In addition to the overall MBA ranking, U.S. News also publishes specialty rankings for business schools on such common disciplines as finance, accounting, and marketing (see How U.S. News Ranks MBAs By Specialty). These lists are based solely on the magazine’s peer assessment surveys to business school deans and MBA directors. Each respondent is asked to nominate up to 15 programs for excellence in each listed specialty. The schools receiving the most votes in each discipline are then numerically ranked by U.S. News. A school must receive and least seven nominations to make each list.

Once again, no school was ranked in every specialty, but MIT Sloan School of Management — the No. 5 overall school in the main ranking — came closest, ranking in every quant specialization and only missing the baker’s dozen by failing to make the Nonprofit list. The Sloan School also had the most No. 1 rankings this year, with three: Production & Operations, Business Analytics, and Project Management. But MIT missed out on a fourth No. 1, losing its Information Systems crown to Carnegie Mellon Tepper School of Business.

MIT’s strong showing across the different specialty rankings comes with a big caveat. Like the University of Pennsylvania’s Wharton School — which had No. 1 placements in Finance (for the umpteenth year) and Real Estate (for the second year) and also placed second in Marketing and third in both Accounting and Analytics, the latter a jump of two places from last year — MIT refused to fill out U.S. News‘ statistical survey, forcing the magazine to use 2019 data. How this affected their performance is anyone’s guess, but both schools held serve in seven specialties and gained ground in three; Wharton was unranked in two specialties and only lost ground in one, while MIT lost ground in two and was unranked in only one.

PURDUE’S PAUSED MBA PROGRAM SOARS IN RANKING

As usual, there also were some dramatic year-over-year ups and downs for several schools. Of the 95 MBA programs that returned to the list from last year, 18 business school, or 19% of the Top 100, experienced double-digit gains or declines. Among the 10 schools that will pop champagne corks today is Purdue University’s Krannert School of Management. Krannert soared 36 places to rank 44th from 80th last year, the single biggest year-over-year rise of any MBA program on the list.
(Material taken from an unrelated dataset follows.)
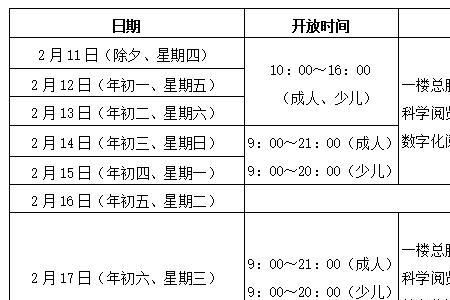 阜阳城南图书馆开放时间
It is ironic that the school scored so well because only last year Purdue decided to pause its full-time MBA program after years of application declines, enrollment drops, red ink, and a freefall in earlier U.S. News‘ rankings. The program’s rise occurred as a result of what could very well be its last full-time class enrolled last fall. Other big winners include Fordham University’s Gabelli School of Business, which moved up 16 places to finish 64th, and Pepperdine University and Binghamton University at the State University of New York, both of which rose 15 places to rank, 68th and 84th, respectively (see below table).

And there are a bunch of newcomers or returnees. St. Louis University’s full-time MBA program was the stronger new player on the list, ranking 72nd. Mississippi State University, coming in at a rank of 92nd, Belmont University (97), Drexel University (97), and the University of Colorado at Denver (100) all were absent from last year’s ranking. Another group of schools, ranked in 2020 in a vague 99-131 category by U.S. News, made the Top 100. They included Binghamton University (84), American University (87),  the University of San Francisco (87), the University of San Diego (92), and North Carolina State A&T University (96).

And the big losers? Temple University’s Fox School of Business, whose former dean faces a possible criminal indictment for his alleged involvement in a years-long scheme to inflate reported stats to U.S. News to increase their rankings, plunged the most. Fox plummeted 22 places to rank 84th from 62nd (see table below). Auburn University’s Harbert College of Business dropped 21 spots to place 74th from a rank of 53rd a year earlier, while the University of Arizona and Tulane University, both lost 18 places to rank 64th and 92nd, respectively.